WHAT TO WORK ON
Print each record exactly as it appears, but drop the images.

ENTRIES PROVIDED
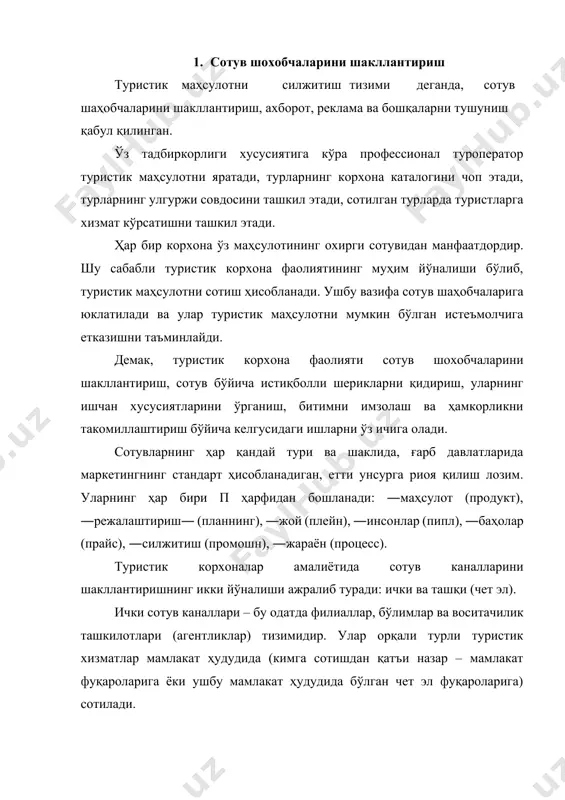 а бошқа мамлакатга туристик саёҳатларни сотиш мажбуриятини олишадилар. маркетинг стратегияси ички ва ташқи сотув каналларидан комплекс равишда фойдаланишни кўзда тутади. аммо, уларнинг роли ишлаб чиқарилган хизматлар тавсифига боғлиқ ҳолда турлича баҳоланиши мумкин. агарда туристик корхона комплекс хизмат кўрсатишга (эксклюзив ёки пэкидж турлар) ихтисослашса, унинг сотув аппарати мўлжални асосан чет эллик воситачиларга қаратиши лозим. туристик корхона чет давлатларда ўзларининг хусусий агентликлари ва ваколатхоналарини очишлари мумкин. аммо бошқа давлатларда ваколатхоналар очиш катта валюта харажатлари билан боғлиқ бўлади ва бунга фақат йирик туристик корхоналар эришишлари мумкин. ўрта корхоналарнинг чет элларда ўз хизматларини сотиш учун қулайроқ вариант − бу маҳаллий туристик бозорда яхши ўрин эгаллаган ва бундай ишнинг катта тажрибасига эга бўлган корхоналар билан ишлаш маъқул ҳисобланади. ташқи савдо аппаратини шакллантириш деганда, шартнома ёки контрактлар асосида чет эллик туристик корхоналар билан шериклик муносабатлари тушунилади. шу сабабли, уларни ўрганиш ушбу аппарат фаолияти самарадорлигининг муҳим шарти ҳисобланади. агарда туристик корхона алоҳида туристик хизматлар (гид таржимонлар хизматлари, …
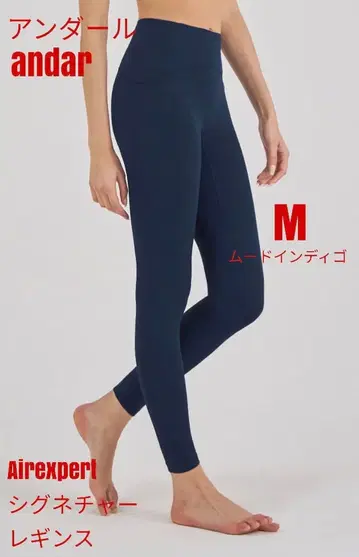 안다르 ander Airexpert 시그니처 레깅스 M 9부 기장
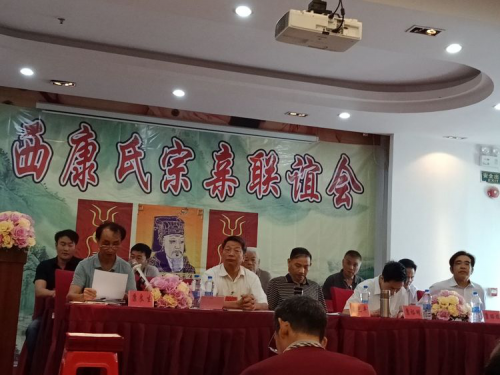 cns_kang_afa35d1ec0447b7aa1_0.png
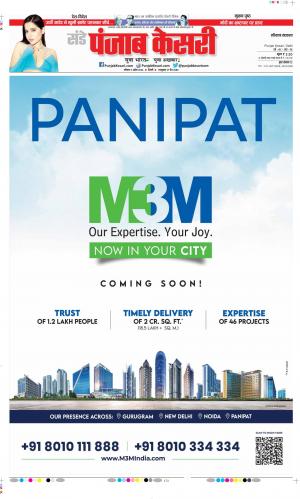 Date 09-04-2023 Punjab Kesari Kaithal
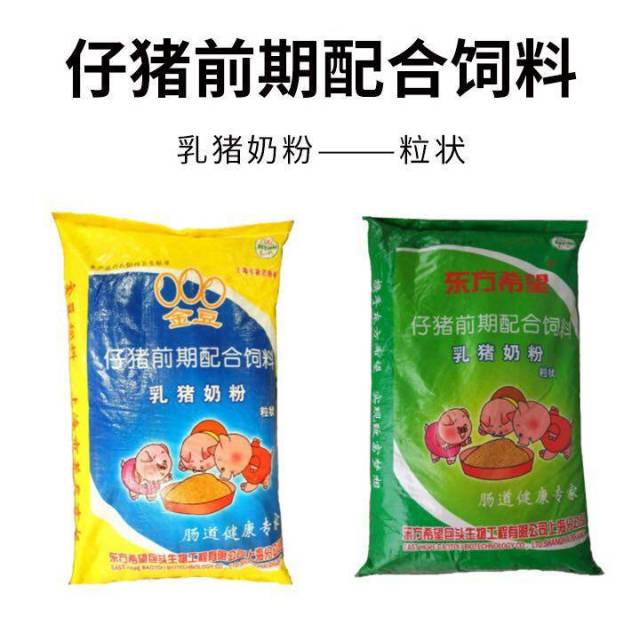 保育仔猪的饲料原料基本要求(图1)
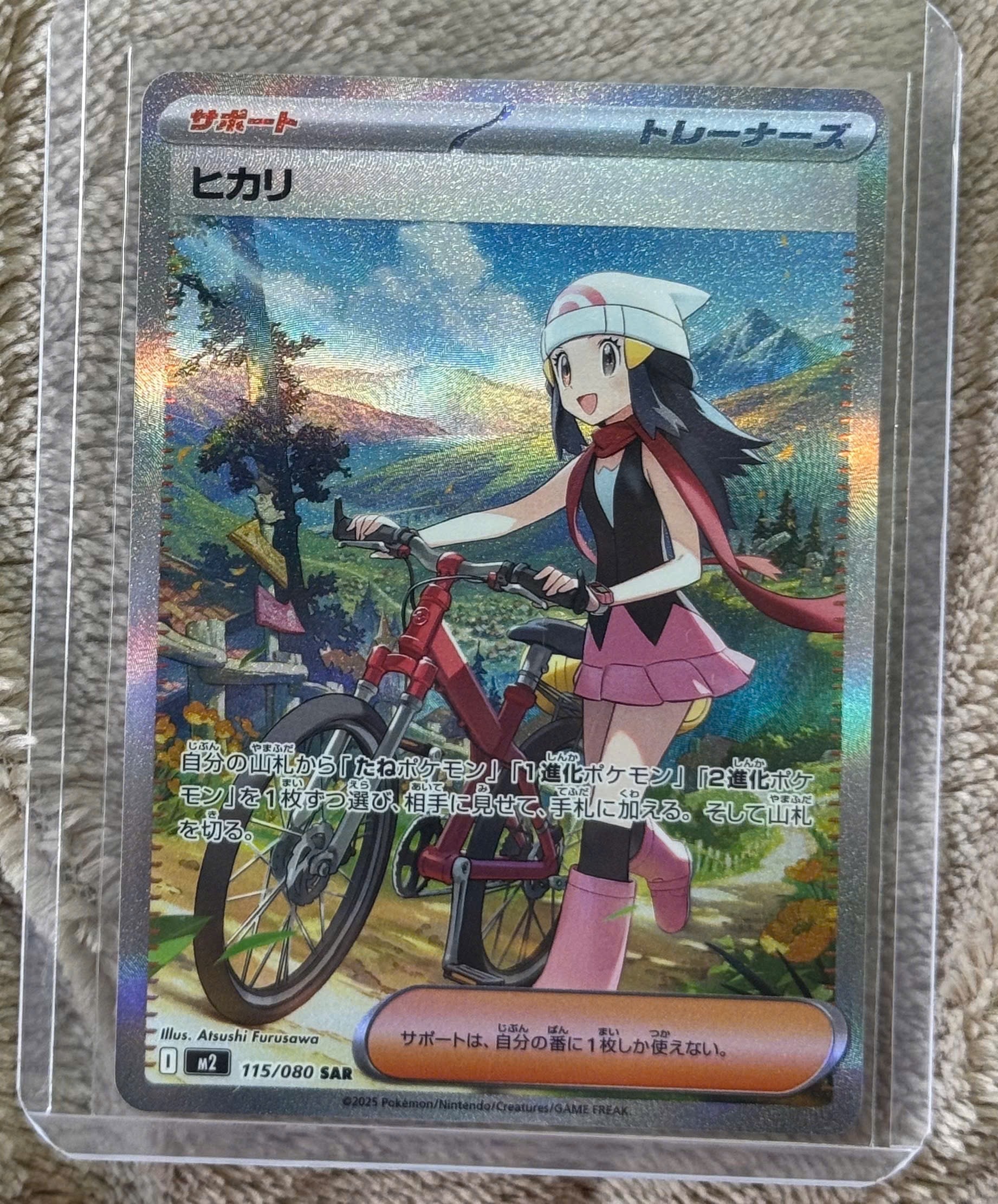 ヒカリ SAR [M2 115/080](拡張パック「インフェルノX」)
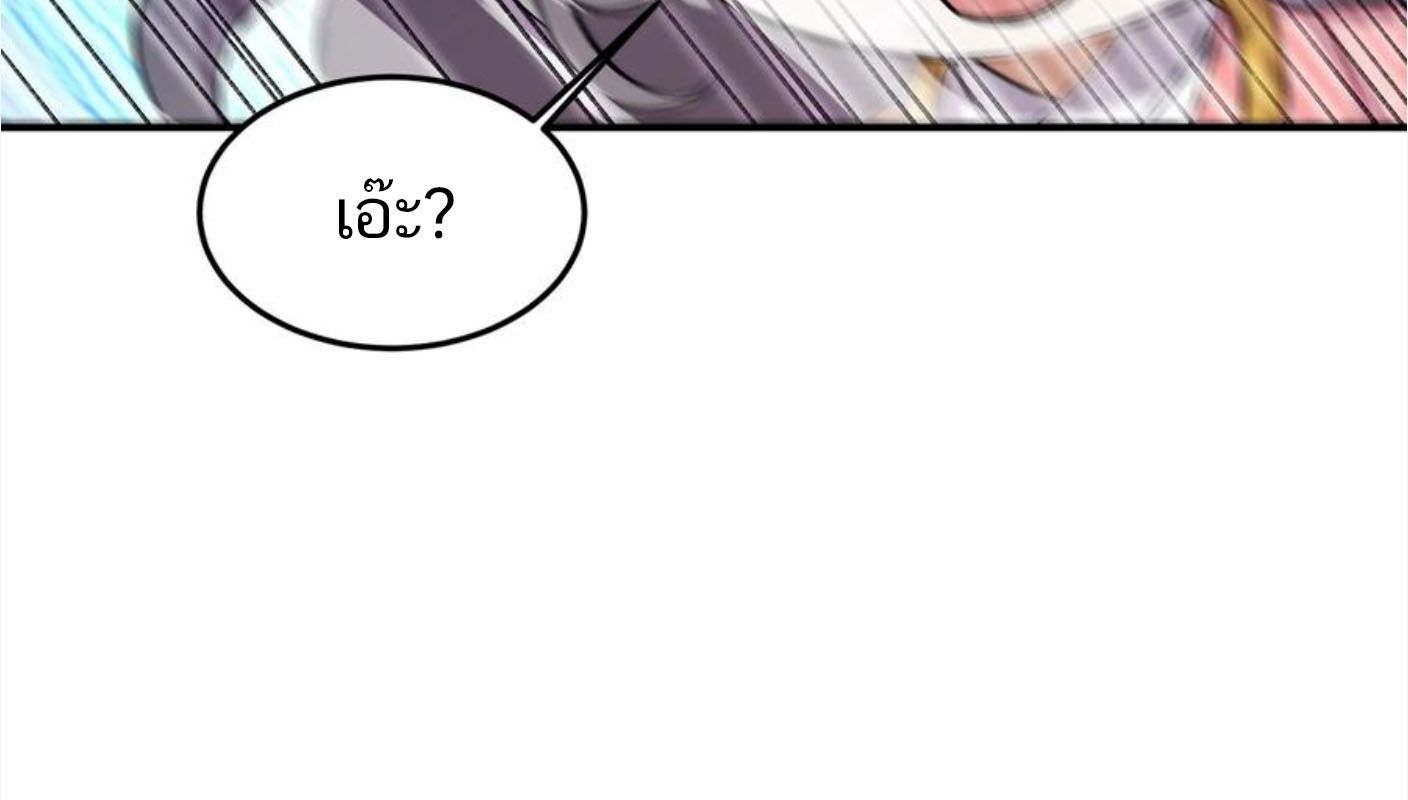 I Work Nine to Five in the Immortal Cultivation World ตอนที่ 17 15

SOLUTION FOR THIS EXERCISE
 а бошқа мамлакатга туристик саёҳатларни сотиш мажбуриятини олишадилар. маркетинг стратегияси ички ва ташқи сотув каналларидан комплекс равишда фойдаланишни кўзда тутади. аммо, уларнинг роли ишлаб чиқарилган хизматлар тавсифига боғлиқ ҳолда турлича баҳоланиши мумкин. агарда туристик корхона комплекс хизмат кўрсатишга (эксклюзив ёки пэкидж турлар) ихтисослашса, унинг сотув аппарати мўлжални асосан чет эллик воситачиларга қаратиши лозим. туристик корхона чет давлатларда ўзларининг хусусий агентликлари ва ваколатхоналарини очишлари мумкин. аммо бошқа давлатларда ваколатхоналар очиш катта валюта харажатлари билан боғлиқ бўлади ва бунга фақат йирик туристик корхоналар эришишлари мумкин. ўрта корхоналарнинг чет элларда ўз хизматларини сотиш учун қулайроқ вариант − бу маҳаллий туристик бозорда яхши ўрин эгаллаган ва бундай ишнинг катта тажрибасига эга бўлган корхоналар билан ишлаш маъқул ҳисобланади. ташқи савдо аппаратини шакллантириш деганда, шартнома ёки контрактлар асосида чет эллик туристик корхоналар билан шериклик муносабатлари тушунилади. шу сабабли, уларни ўрганиш ушбу аппарат фаолияти самарадорлигининг муҳим шарти ҳисобланади. агарда туристик корхона алоҳида туристик хизматлар (гид таржимонлар хизматлари, …
 안다르 ander Airexpert 시그니처 레깅스 M 9부 기장
 cns_kang_afa35d1ec0447b7aa1_0.png
 Date 09-04-2023 Punjab Kesari Kaithal
 保育仔猪的饲料原料基本要求(图1)
 ヒカリ SAR [M2 115/080](拡張パック「インフェルノX」)
 I Work Nine to Five in the Immortal Cultivation World ตอนที่ 17 15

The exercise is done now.